(Short web captions)
=== Begin Enclosure ===
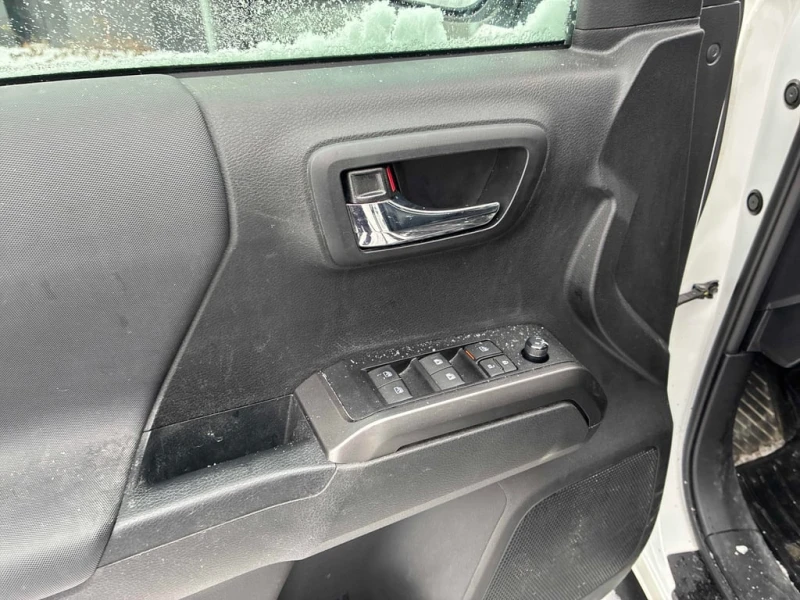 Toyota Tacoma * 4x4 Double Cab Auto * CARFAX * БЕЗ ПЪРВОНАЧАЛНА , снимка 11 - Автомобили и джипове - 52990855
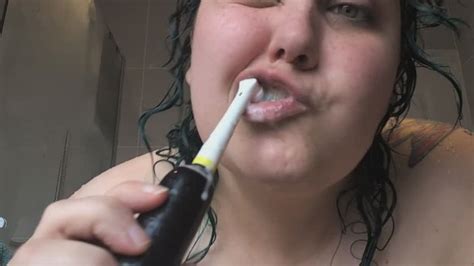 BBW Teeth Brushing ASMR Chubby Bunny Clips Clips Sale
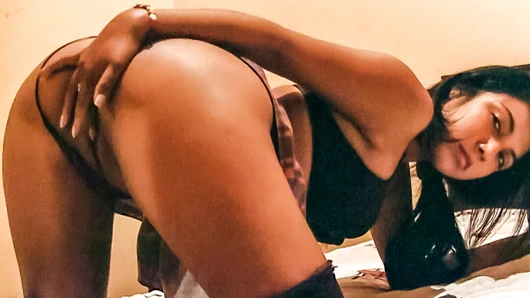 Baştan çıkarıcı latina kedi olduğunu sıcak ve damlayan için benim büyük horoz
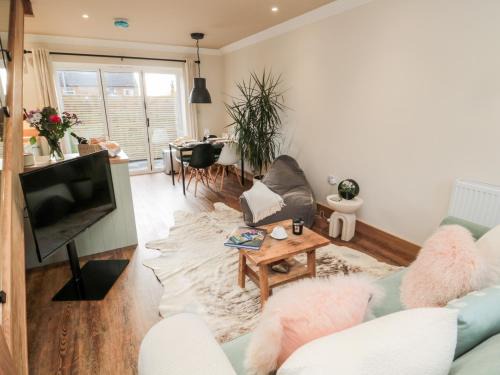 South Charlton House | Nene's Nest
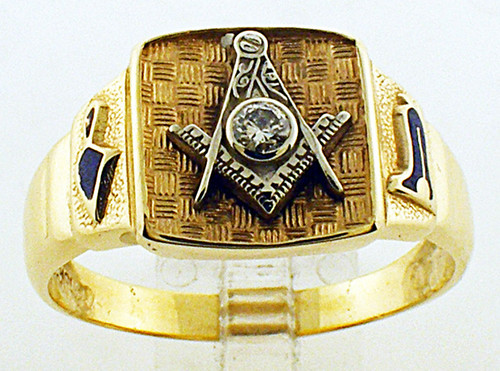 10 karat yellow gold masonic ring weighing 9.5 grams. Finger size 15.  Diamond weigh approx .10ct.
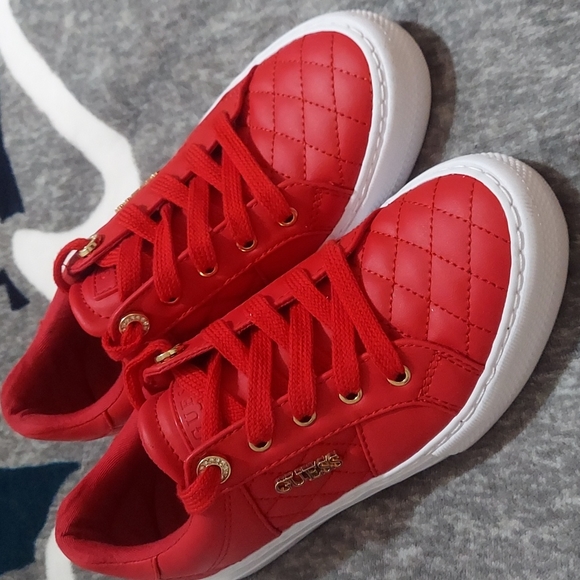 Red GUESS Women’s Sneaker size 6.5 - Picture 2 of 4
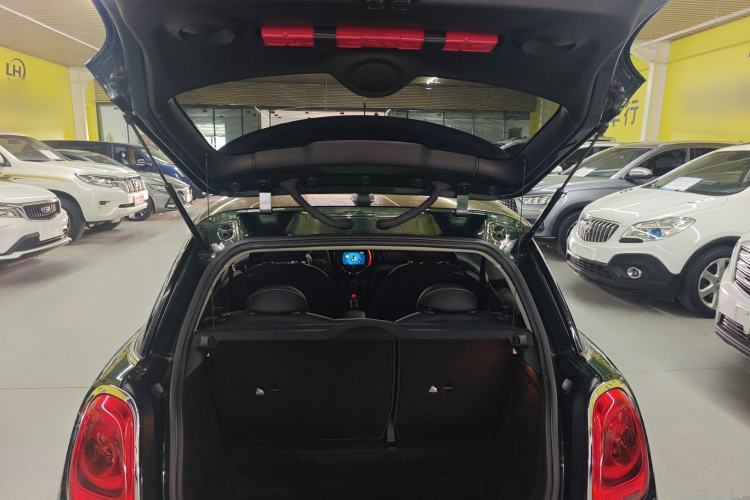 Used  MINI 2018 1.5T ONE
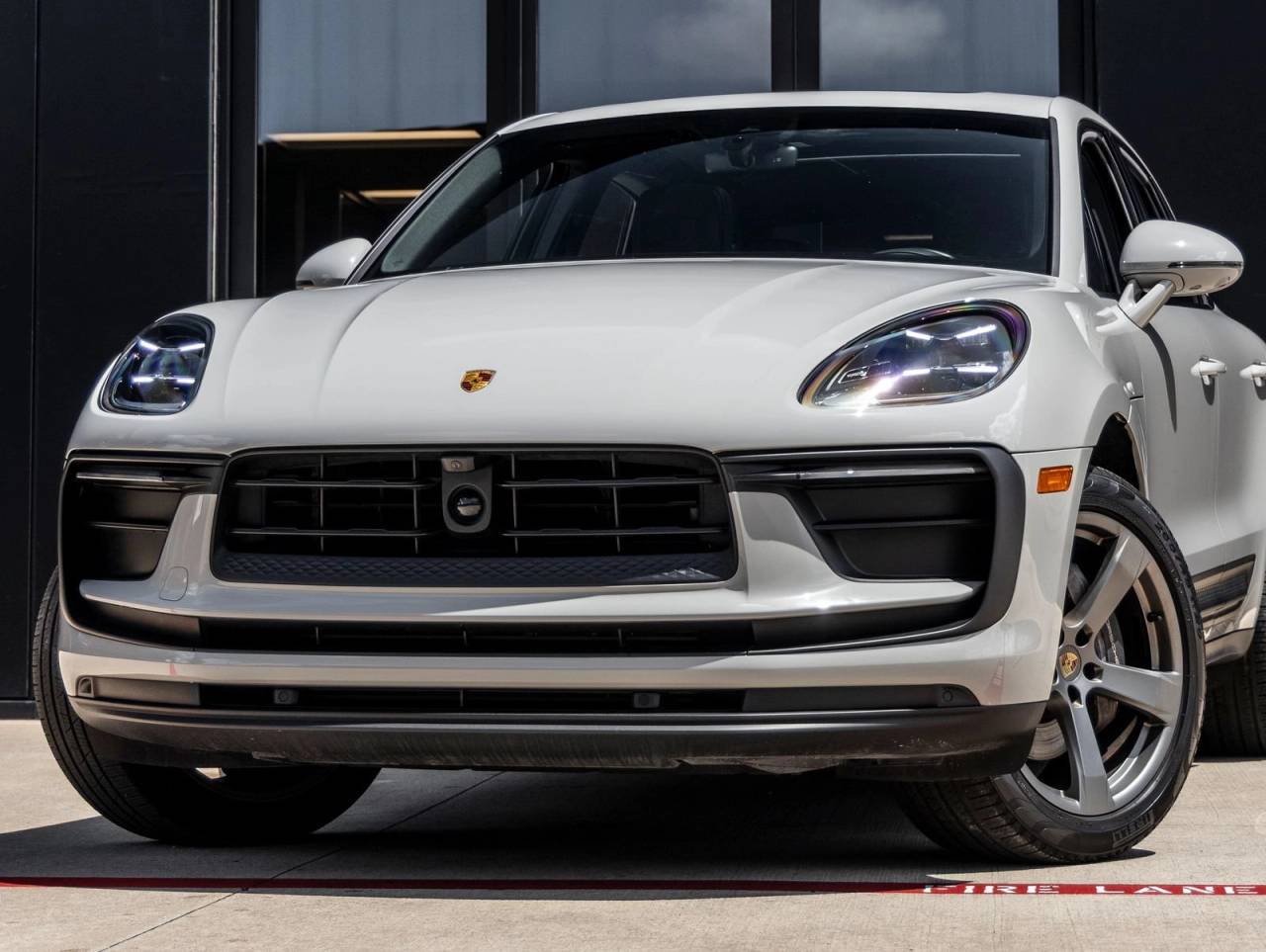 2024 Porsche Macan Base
=== End Enclosure ===
Problem description: Your task is to restate word for word the lines from the one containing "South Charlton House | Nene's Nest" through the last line of the data, both ends included, with no pictures.

Exercise solution:
 South Charlton House | Nene's Nest
 10 karat yellow gold masonic ring weighing 9.5 grams. Finger size 15.  Diamond weigh approx .10ct.
 Red GUESS Women’s Sneaker size 6.5 - Picture 2 of 4
 Used  MINI 2018 1.5T ONE
 2024 Porsche Macan Base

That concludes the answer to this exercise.